▶ **EXCERPTED RECORDS**
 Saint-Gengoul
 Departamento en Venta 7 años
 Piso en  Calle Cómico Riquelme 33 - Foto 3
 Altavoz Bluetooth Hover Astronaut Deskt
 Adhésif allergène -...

---

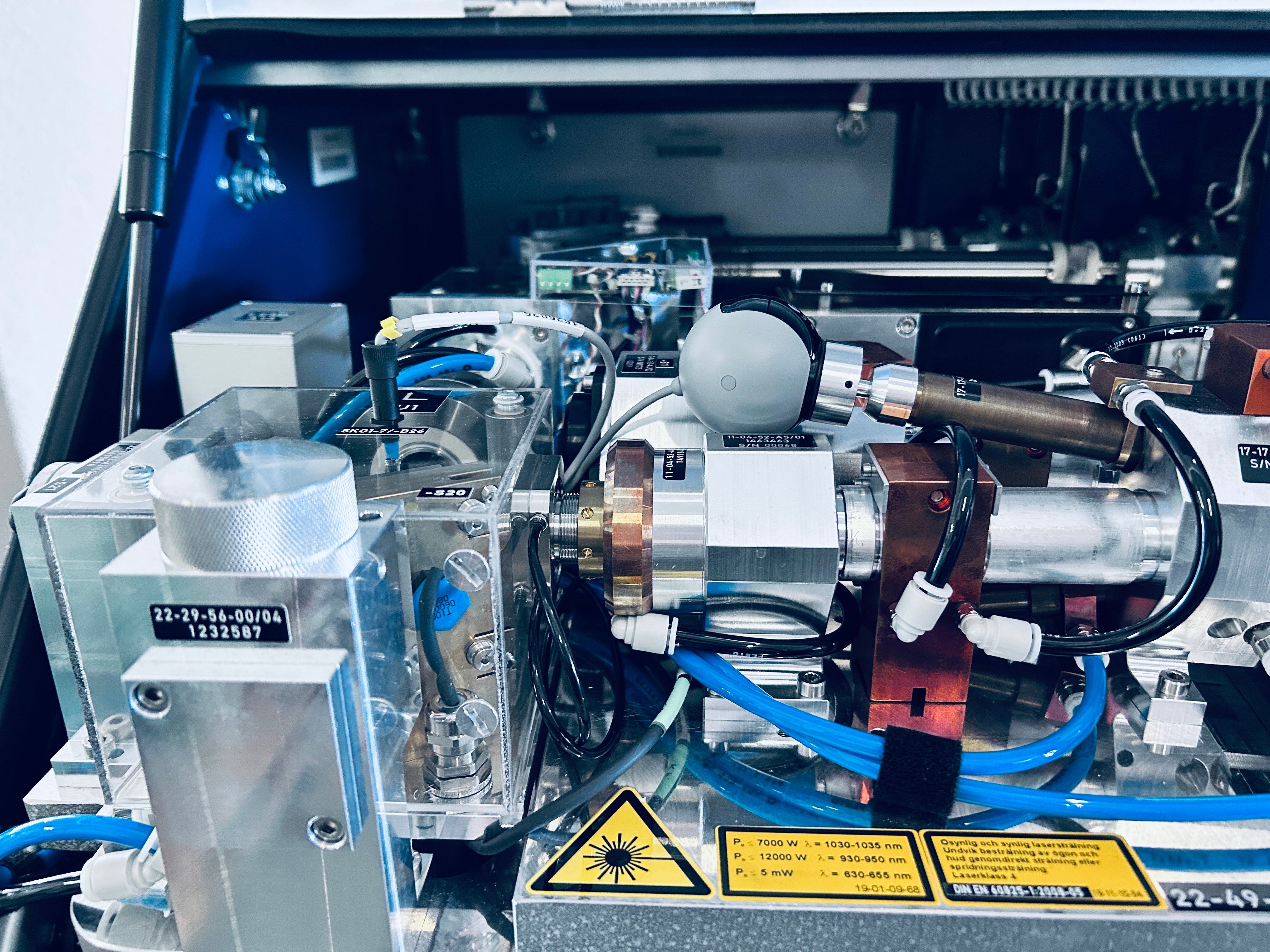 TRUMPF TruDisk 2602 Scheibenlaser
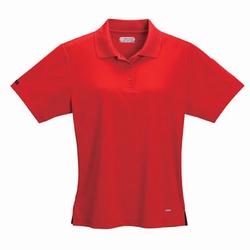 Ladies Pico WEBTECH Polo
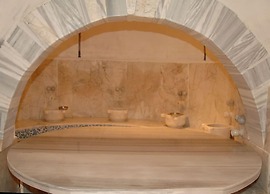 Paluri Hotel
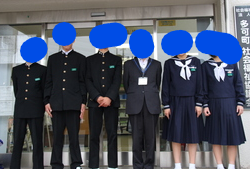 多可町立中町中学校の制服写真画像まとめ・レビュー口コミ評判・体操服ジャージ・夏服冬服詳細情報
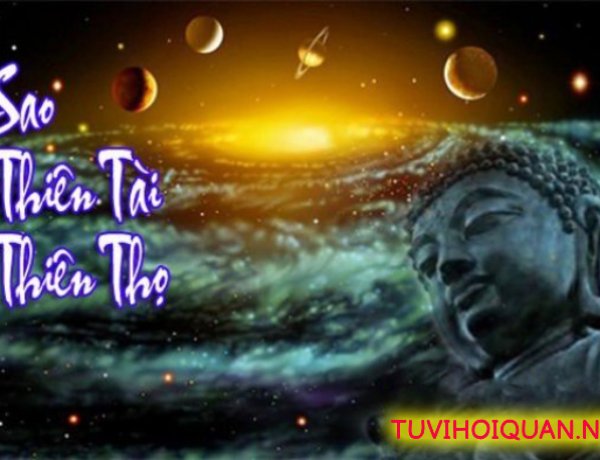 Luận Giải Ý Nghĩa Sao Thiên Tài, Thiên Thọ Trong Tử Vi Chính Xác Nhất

▶ **WHAT YOU WILL DO**
Considering only the material above, set down every line from the one with "Saint-Gengoul" to the one with "Adhésif allergène -...", inclusive, exactly as written.

▶ **OUTPUT OF THE EXERCISE**
 Saint-Gengoul
 Departamento en Venta 7 años
 Piso en  Calle Cómico Riquelme 33 - Foto 3
 Altavoz Bluetooth Hover Astronaut Deskt
 Adhésif allergène -...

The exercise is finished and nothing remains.